Monday, April 6, 2009


By Samuel Duodu, Nsawkaw

CASHEW farmers in the Tain District of the Brong Ahafo Region have appealed to the government to promote cashew since it has an international market value like other crops such as cocoa.
They further appealed to the government to give adequate attention to the crop just like cocoa and called for assistance such as soft loans as well as farm inputs to boost its production.
According to them, when cashew was given the needed attention just like cocoa, coffee and other cash crops that had a foreign exchange value, it would not only encourage the youth to go into its production but would also help generate income for the country.
The farmers who made the appeal in an interview with Graphic Nsempa at Nsawkaw, also appealed to the government and other private companies to establish facilities that could process the cashew and add adequate value to the product before marketing.
This, they said would also provide jobs for the teeming unemployed youth in the district and its environs.
If the commodity is processed, it can produce oil, alcohol, juices, animal feed, among others, but the farmers expressed regret that they were making little or no profit for their livelihoods.
The cashew tree has a life span of 70 years and its fruit and nuts have high economic values.
The Tain District is one of the cashew production areas in the Brong Ahafo Region, apart from Sampa and Techiman in the Jaman North District and the Techiman Municipality.
Currently, cashew nut prices in the Tain district have started on a good note this farming season.
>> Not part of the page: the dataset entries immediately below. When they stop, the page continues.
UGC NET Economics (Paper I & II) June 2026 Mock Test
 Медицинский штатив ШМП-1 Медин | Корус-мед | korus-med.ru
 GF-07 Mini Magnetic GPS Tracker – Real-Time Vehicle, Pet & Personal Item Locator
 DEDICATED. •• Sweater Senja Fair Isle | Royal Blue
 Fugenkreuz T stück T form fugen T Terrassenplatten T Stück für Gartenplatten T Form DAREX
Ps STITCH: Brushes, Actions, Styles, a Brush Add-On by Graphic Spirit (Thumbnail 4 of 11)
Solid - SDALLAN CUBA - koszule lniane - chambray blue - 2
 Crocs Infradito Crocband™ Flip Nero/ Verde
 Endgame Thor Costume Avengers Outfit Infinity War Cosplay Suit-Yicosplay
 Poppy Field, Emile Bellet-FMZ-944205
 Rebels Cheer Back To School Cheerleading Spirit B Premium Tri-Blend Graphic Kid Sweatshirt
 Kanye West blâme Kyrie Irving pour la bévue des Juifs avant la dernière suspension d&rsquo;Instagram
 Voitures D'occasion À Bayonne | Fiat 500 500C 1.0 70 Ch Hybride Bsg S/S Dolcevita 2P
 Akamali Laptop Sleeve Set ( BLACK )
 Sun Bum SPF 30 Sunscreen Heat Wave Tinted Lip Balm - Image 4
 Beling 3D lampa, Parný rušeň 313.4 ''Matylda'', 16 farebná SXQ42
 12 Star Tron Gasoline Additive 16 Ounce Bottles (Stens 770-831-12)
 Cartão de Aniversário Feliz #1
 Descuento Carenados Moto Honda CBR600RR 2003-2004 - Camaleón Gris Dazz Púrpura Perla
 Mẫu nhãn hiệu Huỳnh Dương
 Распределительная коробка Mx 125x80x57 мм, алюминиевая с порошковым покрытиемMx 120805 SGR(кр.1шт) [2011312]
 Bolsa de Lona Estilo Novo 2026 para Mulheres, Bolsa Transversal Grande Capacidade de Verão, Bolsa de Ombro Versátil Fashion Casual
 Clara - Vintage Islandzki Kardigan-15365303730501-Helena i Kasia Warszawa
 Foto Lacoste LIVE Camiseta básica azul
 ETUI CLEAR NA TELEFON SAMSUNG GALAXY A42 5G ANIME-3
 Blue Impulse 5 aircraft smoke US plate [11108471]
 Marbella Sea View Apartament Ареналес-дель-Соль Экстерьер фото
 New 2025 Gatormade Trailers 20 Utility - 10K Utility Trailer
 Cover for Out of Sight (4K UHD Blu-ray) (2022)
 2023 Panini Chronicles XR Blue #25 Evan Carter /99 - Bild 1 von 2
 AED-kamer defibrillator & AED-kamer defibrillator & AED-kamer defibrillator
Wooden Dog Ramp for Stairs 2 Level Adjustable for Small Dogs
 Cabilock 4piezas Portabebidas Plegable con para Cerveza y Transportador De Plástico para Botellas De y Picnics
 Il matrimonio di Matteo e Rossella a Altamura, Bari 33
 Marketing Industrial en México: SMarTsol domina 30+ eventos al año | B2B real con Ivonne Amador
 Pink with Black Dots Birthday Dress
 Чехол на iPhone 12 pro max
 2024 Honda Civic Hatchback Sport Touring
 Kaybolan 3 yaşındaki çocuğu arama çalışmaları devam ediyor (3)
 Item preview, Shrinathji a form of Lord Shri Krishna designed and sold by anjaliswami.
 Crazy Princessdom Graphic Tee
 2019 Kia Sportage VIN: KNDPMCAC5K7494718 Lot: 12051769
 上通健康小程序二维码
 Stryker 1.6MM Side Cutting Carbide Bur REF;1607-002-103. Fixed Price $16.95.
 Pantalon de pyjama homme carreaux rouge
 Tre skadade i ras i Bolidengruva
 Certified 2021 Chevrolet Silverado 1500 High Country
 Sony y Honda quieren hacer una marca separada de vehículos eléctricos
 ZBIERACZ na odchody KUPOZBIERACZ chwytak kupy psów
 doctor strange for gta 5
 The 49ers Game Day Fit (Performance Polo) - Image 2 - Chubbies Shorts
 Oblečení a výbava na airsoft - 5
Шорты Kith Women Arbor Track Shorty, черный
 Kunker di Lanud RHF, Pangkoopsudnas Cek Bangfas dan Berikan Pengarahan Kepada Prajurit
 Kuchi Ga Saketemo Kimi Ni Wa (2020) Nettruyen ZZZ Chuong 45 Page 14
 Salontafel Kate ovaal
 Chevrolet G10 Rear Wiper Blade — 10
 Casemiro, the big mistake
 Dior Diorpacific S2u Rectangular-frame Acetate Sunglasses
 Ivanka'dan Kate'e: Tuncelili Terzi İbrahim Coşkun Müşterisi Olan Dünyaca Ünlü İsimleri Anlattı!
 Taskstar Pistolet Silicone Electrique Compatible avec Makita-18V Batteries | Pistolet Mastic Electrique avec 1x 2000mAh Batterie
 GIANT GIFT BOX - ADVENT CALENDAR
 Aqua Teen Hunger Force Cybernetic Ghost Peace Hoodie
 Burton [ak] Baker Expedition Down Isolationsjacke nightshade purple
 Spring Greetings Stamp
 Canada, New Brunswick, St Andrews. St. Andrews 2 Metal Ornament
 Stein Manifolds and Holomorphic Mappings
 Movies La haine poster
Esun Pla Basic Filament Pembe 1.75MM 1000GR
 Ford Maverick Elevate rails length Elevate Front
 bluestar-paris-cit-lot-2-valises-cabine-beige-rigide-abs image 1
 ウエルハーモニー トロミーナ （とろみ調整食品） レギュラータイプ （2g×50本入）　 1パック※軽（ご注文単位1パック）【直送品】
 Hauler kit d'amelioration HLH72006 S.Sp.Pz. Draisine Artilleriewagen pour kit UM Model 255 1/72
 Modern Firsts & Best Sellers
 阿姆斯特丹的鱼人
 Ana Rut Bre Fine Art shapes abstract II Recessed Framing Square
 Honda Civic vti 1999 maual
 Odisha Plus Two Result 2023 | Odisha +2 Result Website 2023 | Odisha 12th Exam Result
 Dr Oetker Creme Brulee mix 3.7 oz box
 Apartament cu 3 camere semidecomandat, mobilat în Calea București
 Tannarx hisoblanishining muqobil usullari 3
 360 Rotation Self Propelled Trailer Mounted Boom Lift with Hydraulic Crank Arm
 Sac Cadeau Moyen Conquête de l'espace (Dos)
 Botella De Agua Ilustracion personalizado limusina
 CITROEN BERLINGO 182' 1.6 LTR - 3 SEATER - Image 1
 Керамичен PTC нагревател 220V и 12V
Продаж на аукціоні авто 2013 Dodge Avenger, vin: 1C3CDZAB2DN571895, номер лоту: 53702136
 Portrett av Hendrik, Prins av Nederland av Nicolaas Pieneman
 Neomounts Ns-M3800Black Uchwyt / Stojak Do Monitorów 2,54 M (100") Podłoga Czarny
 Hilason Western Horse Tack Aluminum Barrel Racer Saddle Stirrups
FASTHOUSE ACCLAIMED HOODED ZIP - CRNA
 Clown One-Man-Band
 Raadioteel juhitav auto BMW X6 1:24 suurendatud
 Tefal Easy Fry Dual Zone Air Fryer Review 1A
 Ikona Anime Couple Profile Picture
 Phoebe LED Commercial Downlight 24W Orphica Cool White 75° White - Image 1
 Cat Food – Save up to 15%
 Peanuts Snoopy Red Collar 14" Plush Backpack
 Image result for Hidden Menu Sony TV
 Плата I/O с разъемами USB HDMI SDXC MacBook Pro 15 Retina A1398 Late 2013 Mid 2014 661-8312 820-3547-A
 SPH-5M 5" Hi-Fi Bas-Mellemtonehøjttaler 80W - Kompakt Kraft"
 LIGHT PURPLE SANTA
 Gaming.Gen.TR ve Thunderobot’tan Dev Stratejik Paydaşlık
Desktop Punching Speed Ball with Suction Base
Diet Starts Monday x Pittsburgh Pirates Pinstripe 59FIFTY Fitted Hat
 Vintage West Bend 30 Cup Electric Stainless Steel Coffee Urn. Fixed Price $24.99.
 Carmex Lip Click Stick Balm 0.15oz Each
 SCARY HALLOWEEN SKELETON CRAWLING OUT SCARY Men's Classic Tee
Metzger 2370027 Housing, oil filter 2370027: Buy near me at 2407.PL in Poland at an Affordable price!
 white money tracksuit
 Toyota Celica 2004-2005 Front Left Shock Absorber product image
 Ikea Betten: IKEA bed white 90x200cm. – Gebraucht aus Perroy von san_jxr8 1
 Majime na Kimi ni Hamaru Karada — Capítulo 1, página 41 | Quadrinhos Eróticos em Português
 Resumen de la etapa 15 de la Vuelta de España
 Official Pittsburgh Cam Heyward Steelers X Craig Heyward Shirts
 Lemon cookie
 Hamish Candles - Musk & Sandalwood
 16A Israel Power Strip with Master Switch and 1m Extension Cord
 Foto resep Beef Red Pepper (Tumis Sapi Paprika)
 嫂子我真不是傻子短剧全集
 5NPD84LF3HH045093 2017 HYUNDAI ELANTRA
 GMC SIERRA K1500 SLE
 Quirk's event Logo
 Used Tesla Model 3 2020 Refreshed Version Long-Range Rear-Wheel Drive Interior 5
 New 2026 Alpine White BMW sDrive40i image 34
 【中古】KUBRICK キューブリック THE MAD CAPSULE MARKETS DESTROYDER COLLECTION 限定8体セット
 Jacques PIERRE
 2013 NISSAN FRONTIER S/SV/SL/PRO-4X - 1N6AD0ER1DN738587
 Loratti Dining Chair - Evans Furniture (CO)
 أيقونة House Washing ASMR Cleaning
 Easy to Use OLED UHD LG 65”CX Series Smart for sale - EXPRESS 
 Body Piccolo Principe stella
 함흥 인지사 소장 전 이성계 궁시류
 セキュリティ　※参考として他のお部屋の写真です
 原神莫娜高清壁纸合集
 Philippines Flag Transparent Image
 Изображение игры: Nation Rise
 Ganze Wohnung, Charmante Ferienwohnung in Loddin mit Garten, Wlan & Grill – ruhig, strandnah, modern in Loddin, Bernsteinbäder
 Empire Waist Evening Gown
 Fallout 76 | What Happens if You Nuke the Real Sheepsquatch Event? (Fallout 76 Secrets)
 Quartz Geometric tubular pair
Graphic Nsempa findings indicate that 80 kilograms (kgs) of cashew knit cost GH¢32.
Some Cashew farmers who spoke to Graphic Nsempa said it was a good start compared with the same period last year when 80kgs traded for Gh¢22.
According to a purchasing clerk, Mr Sulemann Zadam, who had been in the industry for the past seven years, there had been negotiations with their Indian trading partners, who had agreed to stabilise the price at Gp40 per kilogram, adding that the price would be revised as production increased.
Some of the farmers who spoke to Graphic Nsempa were optimistic that production would be at a record high this year considering the decline in bush fires and the ample rainfall recorded last year.